Polémica y descarada —hay quien ha pedido su cierre; la última vez, por llevar a una ponente con un discurso fieramente antitrans—, por esta sociedad han pasado como invitados desde Albert Einstein y Michael Jackson a la madre Teresa de Calcuta e Isabel II. Y de entre sus miembros no solo han salido seis primeros ministros británicos (el último, Boris Johnson), sino que desde el final de la Primera Guerra Mundial hasta el año 2000, en torno al 30% de los presidentes de esta sociedad han acabado siendo políticos profesionales. Hannah Edwards, parte del grupo de oxonienses llegados desde colegios privados, fue su presidenta hasta el pasado mes de marzo; los mandatos duran solo un trimestre. Ella rechaza ansias propias en ese sentido, pero admite que el puesto atrae a personas interesadas previamente en la política. Convencidos tal vez de que la sociedad es un trampolín hacia ese mundo. Desde luego, parece que daño no hace. Como tampoco lo hace el poder indudable de la marca general, la de Oxford.

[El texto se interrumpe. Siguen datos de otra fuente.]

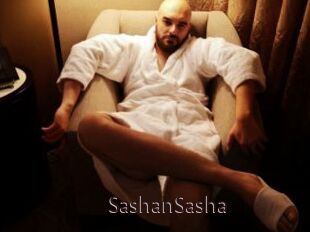 SashanSasha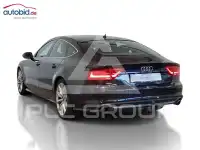 2013 Audi A7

“No ocurre de forma automática”, insiste el rector Isaac desde el Worcester. “Es una señal, como en EE UU con Harvard o Princeton. Pero no se trata de a quién conoces y cuáles son tus redes, sino de qué has estudiado y cómo has rendido”, añade. Puede ser. Pero también, como defienden otros, que alrededor de Oxford existe una especie de comunidad de apoyo en la élite a partir de un poderoso sentimiento compartido de pertenencia. Algo así vino a admitir hace unos meses en un discurso la vicerrectora de la Universidad de Oxford, Irene Tracey: “Con una comunidad mundial de más de 350.000 antiguos alumnos y asociados, esto es poder, liderazgo e influencia: blanda y dura”. También se refirió a sus estudiantes como “la próxima generación de líderes del pensamiento”. Y sobre su misión, dijo: “Oxford debe sentir la presión de ser unos privilegiados en cuanto a recursos y talento. Desempeñemos, pues, el papel que nos corresponde a la hora de dar forma a Gran Bretaña, a Europa y al mundo en esta era de globalización cambiante”.